Initially, two positive integers $a$ and $b$ with $a \neq b$ are written on a blackboard. At each step, Andrea picks two numbers $x$ and $y$ on the blackboard with $x \neq y$ and writes the number

$$\gcd(x, y) + \operatorname{lcm}(x, y)$$

on the blackboard as well. Let $n$ be a positive integer. Prove that, regardless of the values of $a$ and $b$, Andrea can perform a finite number of steps such that a multiple of $n$ appears on the blackboard.

Remark.

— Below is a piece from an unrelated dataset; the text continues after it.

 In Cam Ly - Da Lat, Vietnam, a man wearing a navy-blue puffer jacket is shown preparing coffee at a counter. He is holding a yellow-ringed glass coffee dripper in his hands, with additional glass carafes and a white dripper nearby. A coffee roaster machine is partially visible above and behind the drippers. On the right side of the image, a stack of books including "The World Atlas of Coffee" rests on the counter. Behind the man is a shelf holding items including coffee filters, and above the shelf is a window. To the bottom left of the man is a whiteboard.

If $x$ and $y$ are two positive integers, then $\gcd(x, y)$ denotes their greatest common divisor and $\operatorname{lcm}(x, y)$ their least common multiple.

Given a pair $(a_0, b_0)$ of real numbers, we define two sequences $a_0, a_1, a_2, \ldots$ and $b_0, b_1, b_2, \ldots$ of real numbers by $$a_{n+1} = a_n + b_n \quad \text{and} \quad b_{n+1} = a_n \cdot b_n$$ for all $n = 0, 1, 2, \ldots$. Find all pairs $(a_0, b_0)$ of real numbers such that $a_{2022} = a_0$ and $b_{2022} = b_0$.

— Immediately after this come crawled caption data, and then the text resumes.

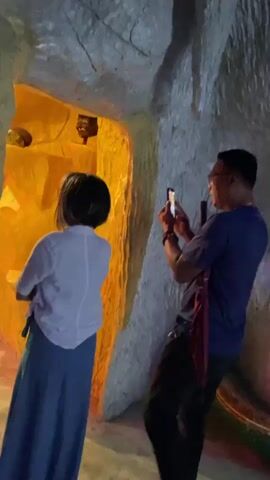 The video shows two people inside a cave-like structure with textured walls. A woman in a white shirt and blue skirt stands facing a brightly lit yellow alcove containing various objects, some of which appear to be masks or figurines. A man in a blue shirt stands to her right, holding up a smartphone and appearing to take a picture. The cave walls have a rough, uneven texture, and there are some stalactite-like formations hanging from the ceiling. The lighting is dim in most of the cave, with the yellow alcove being the primary light source.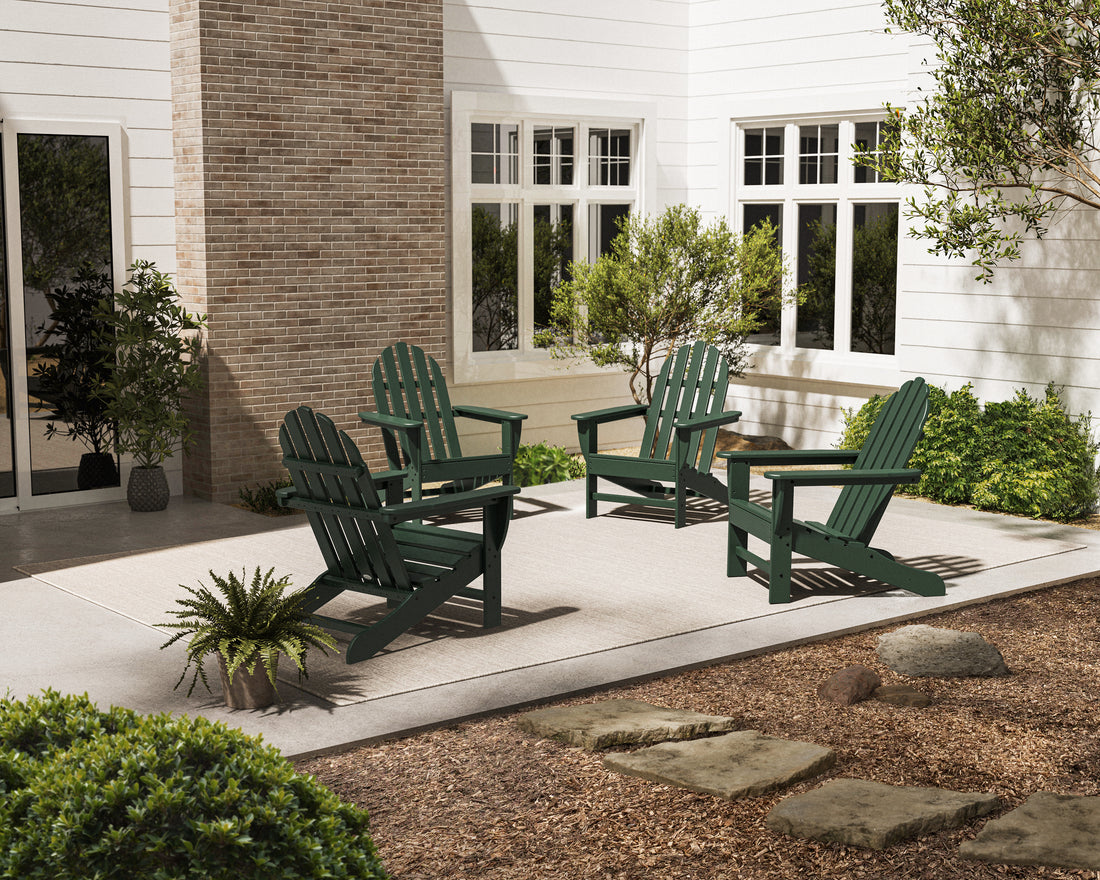 POLYWOOD 4-Piece Classic Adirondack Conversation Set in Green in an outdoor setting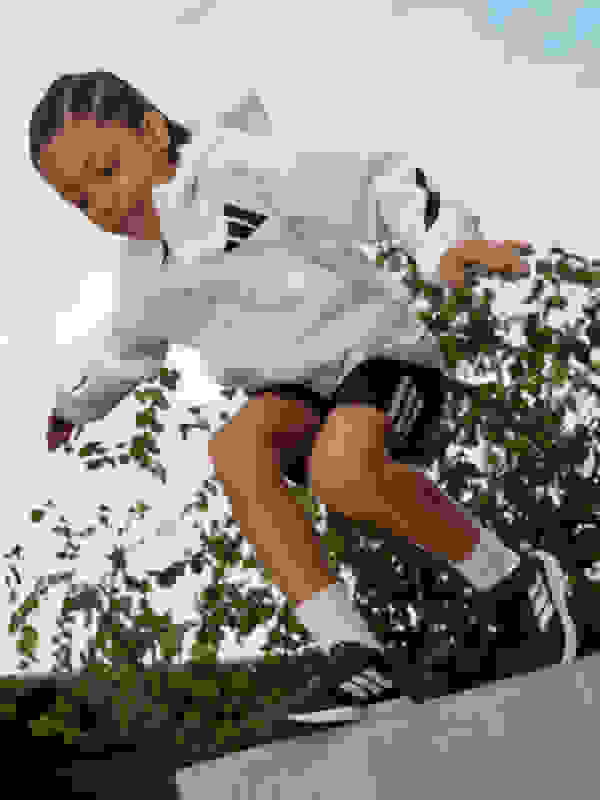 A person in a white athletic jacket and black shorts is jumping over a low wall, surrounded by greenery in the background.
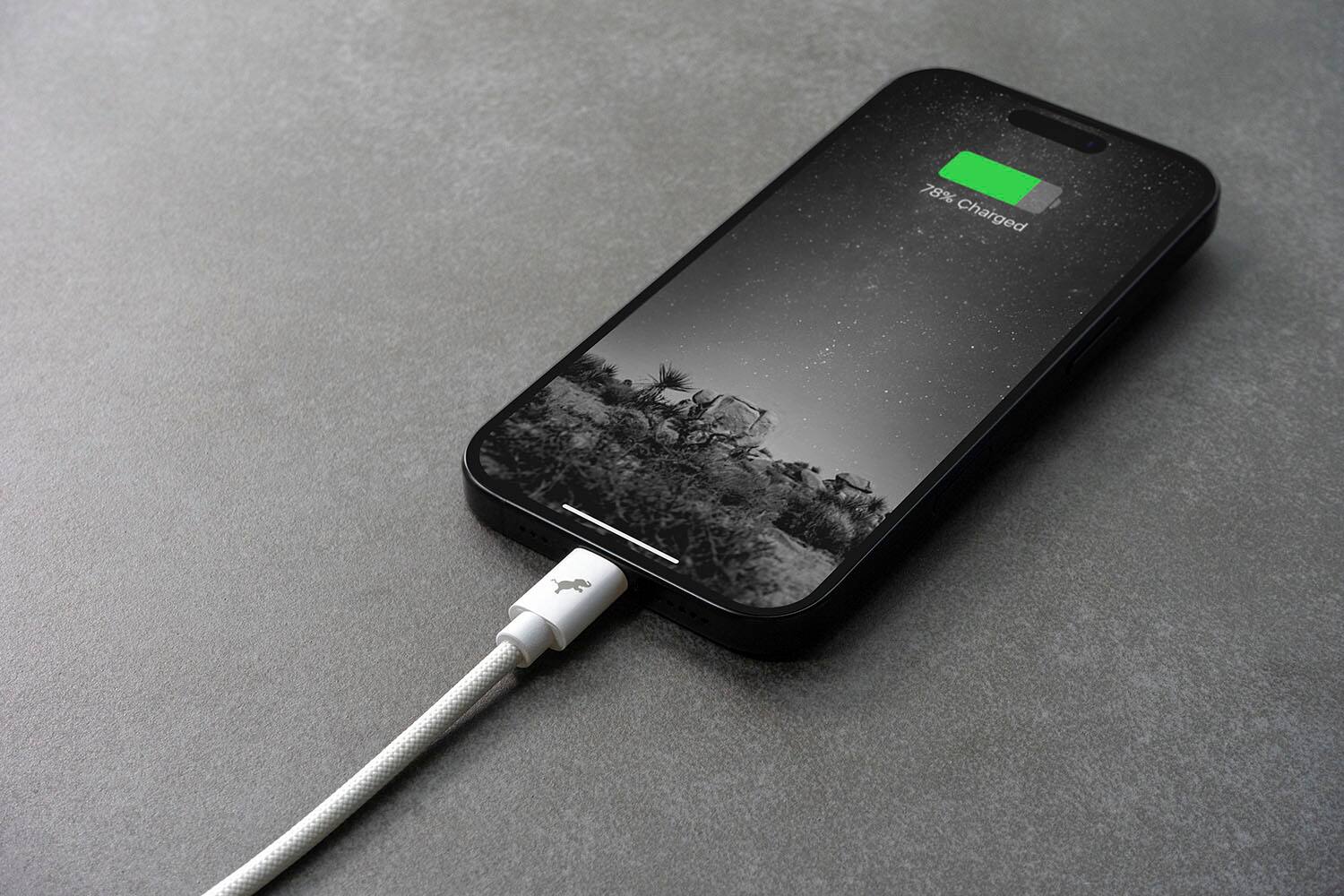 The image shows a smartphone with a battery level of 78%. The phone is plugged into a charger, and the battery indicator displays the percentage of the battery's charge.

Let $k$ be a positive integer and $a_1, a_2, \ldots, a_k$ be nonnegative real numbers. Initially, there is a sequence of $n \geq k$ zeros written on a blackboard. At each step, Nicole chooses $k$ consecutive numbers written on the blackboard and increases the first number by $a_1$, the second one by $a_2$, and so on, until she increases the $k$-th one by $a_k$. After a positive number of steps, Nicole managed to make all the numbers on the blackboard equal. Prove that all the nonzero numbers among $a_1, a_2, \ldots, a_k$ are equal.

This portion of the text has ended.